The Ford S-Max Concept that the automaker will debut this month at the Frankfurt Auto Show looks familiar. This 7-passenger vehicle bears more than a passing resemblance to the Ford C-Max, a 5-passenger hybrid vehicle available here in the U.S. The larger S-Max is unlikely to make it to the U.S.; the current version is aimed at European customers. But the vehicle does show American drivers what we can expect in future Ford products.

The front-end treatment is pure Ford, with a high-mounted hexagonal grille and horizontal headlights that sweep back dramatically. It's the look we've come to admire on vehicles such as the Fusion and Escape, and the look we expect for the next-gen Mustang when it arrives next year.

Not all the design elements in the S-Max carry over from other Ford models, though. The panoramic roof is decidedly unique. It flows uninterrupted from the top of the windshield and tapers toward the back of the vehicle.

Inside, the Ford S-Max Concept includes upscale appointments such as a leather-wrapped instrument panel and leather and carbon fiber for the seats. The third-row seats are exceptionally thin, adding flexibility and improving space. For the second row, the center seat folds into the floor, creating a pass-through to the third row.

Martin Smith, executive design director for Ford of Europe, says designers were careful to get the interior details just right, conveying both visual appeal and quality. Until we can get our hands on the S-Max at the show, we can't know for sure if vents and switches operate as well as they look. But designers got these details right in other current Ford products, such as the C-Max, so expectations are high.
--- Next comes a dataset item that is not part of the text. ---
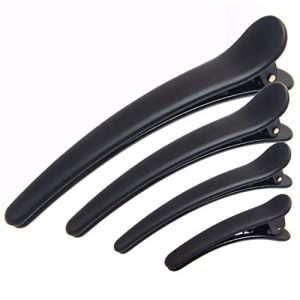 TOVINANNA Lot De 12 Barrettes À Cheveux Noires Pour Femme Sans Pince Pour Un Usage Quotidien (Qieiyi, neuf)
The Ford S-Max Concept has a few unique interior features for the health of the driver and passengers. A heart rate monitor built into the front seat connects with SYNC, Ford's telematics platform, and can alert medical professionals of unusual activity or an emergency. A glucose level monitor can warn parents of a child's diabetic episode.

Although American drivers are unlikely to get their hands on a Ford S-Max soon, the 7-passenger vehicle reveals the direction Ford's global vehicles are headed. And while a glucose level monitor may not be at the top of every shopper's priority list, attractive interior and exterior design certainly improves appeal. Ford delivers in those departments with the S-Max Concept.

What it means to you: A production version of the Ford S-Max Concept is unlikely to be offered in the U.S., but attributes from the 7-passenger vehicle will almost certainly find their way into Ford's North American lineup.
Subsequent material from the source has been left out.